幕末の剣客、政治家の山岡鉄舟は禅の修行に励んだ人ですが、
食客の一人が冷やかして、
「神仏を拝んだり、座禅したりして何の功徳がありますか?
私は門前や鳥居に小便を引っ掛けておりますが、
まだ一度もバチが当たったことがありませんよ」
すると鉄舟烈火のごとくに怒り、
「お前はバチが当たらんといっているが、立小便などは犬や猫のすること。
武士たるもののすることではない。

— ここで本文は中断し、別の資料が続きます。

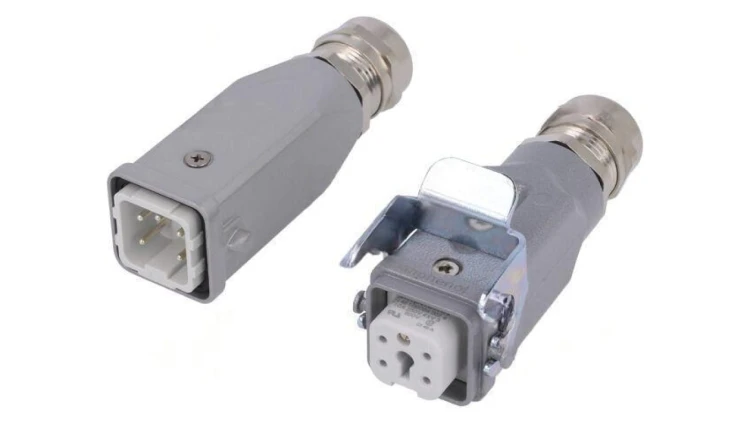 Złącze HDC męskie + żeńskie 10A 400V -PIN 5 4+PE rozmiar A3 C14610E0049214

お前は姿形こそ武士でも、性根は犬猫と同じだ。
すでに人間の形をした畜生にされておることがお前にはわからんのか!」
と言ったそうです。
(「禅語百話」佐藤俊明著 社会思想社 現代教養文庫より)
悪い事をしてその報いとして罰が当たるのではく、
悪い事をすることそのものが罰である、と。
批判や攻撃は言おうとして言います。
その効果も全てではないにしても自覚しています。
失言は思っていても言うつもりがなかった事を言い、
効果を思い至らないことが多いです。
そして怒りが自らの器量の大きさ(あるいは小ささ)を示すように、
失言は自らの認識の浅はかさ、思いやりのなさを露呈します。
(もっとも言葉にしなくても、品性はおのずから現れるものですが)
失言する人も、バッシングする人も、それは同じ。
「人の振り見て、我が振り直せ」とも言いますしね。
人間は過ちを犯す動物です。
「口は災いの元」と知っていても、失敗することは誰にでもあります。
過ちを犯さないように気をつけることは出来ても、決して無くすことはできません。
大切なのはその後始末。
イメージを大切にする企業が宣伝の顔として彼女を使い続ける事をやめたのは、
理解できます。
発言は個人のものであり、企業、商品は無関係と示すにはこれしかないでしょう。
宣伝活動の自粛も、あくまで自粛である以上他人がどうこう言えません。
今は目立たないほうが得策との広報的判断でしょうけど。
ともあれ、「なかったこと」にはできない以上、
しっかりとした謝罪と反省、そして認識を改めることが求められるでしょうね。